One of the reasons Donald Trump got elected president was because he spoke the truth about our nearly two-decades-long foreign policy in the Middle East.
The gist of his argument was: We've spent trillions of dollars on wars, occupation and nation-building in the Middle East and have achieved nothing. Our soldiers have suffered grievously with our military adventurism. That money could've been better spent on domestic nation-building to help Americans lead better lives.
Whatever one thinks of Trump and his character, his argument was sound and was embraced by tens of millions of Americans.

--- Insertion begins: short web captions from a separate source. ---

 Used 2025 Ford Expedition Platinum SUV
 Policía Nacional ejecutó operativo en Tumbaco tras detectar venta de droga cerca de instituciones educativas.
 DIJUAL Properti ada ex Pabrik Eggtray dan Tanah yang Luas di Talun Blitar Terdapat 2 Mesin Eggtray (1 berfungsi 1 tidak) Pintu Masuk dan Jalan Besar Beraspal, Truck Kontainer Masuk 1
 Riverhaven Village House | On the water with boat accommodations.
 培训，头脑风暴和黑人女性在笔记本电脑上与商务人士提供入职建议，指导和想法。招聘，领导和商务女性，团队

Fast-forward to 2018, and to Trump's unilateral decision to withdraw roughly 2,000 U.S. troops from Syria, overriding the advice of his generals and almost the entire foreign policy establishment.
Many foreign policy and military elites and experts have been crying foul in recent weeks. The usual argument has unfolded: America is in retreat and its global leadership role will be weakened; we'll cede Syria to Russia and Iran; our ally Israel will be threatened and so on and so forth.

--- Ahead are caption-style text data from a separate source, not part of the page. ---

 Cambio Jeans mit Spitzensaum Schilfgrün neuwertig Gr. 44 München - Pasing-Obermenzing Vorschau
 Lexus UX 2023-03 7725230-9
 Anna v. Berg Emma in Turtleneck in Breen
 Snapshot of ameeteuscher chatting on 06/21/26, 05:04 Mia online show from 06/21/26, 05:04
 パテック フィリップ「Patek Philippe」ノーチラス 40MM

In other words, America should have a military presence forever and every till death do us part in several Middle Eastern countries.
One can't help noticing that many of these people are the same “experts” who thought it a good idea to advance regime-change in Iraq and Libya, who are now advocating the same in Syria, and who think occupying Afghanistan for 17 years and running is sound.
Why are we still listening to them? They may have impeccable credentials, but their motives, judgement and agendas can often be suspect.
As a party-less, ideology-less independent voter who want only the best for America, I'll take political courage and common sense wherever I can find them. So I applaud Trump's pragmatism and independence in bucking our military-industrial complex. Trump is right to bring our soldiers home.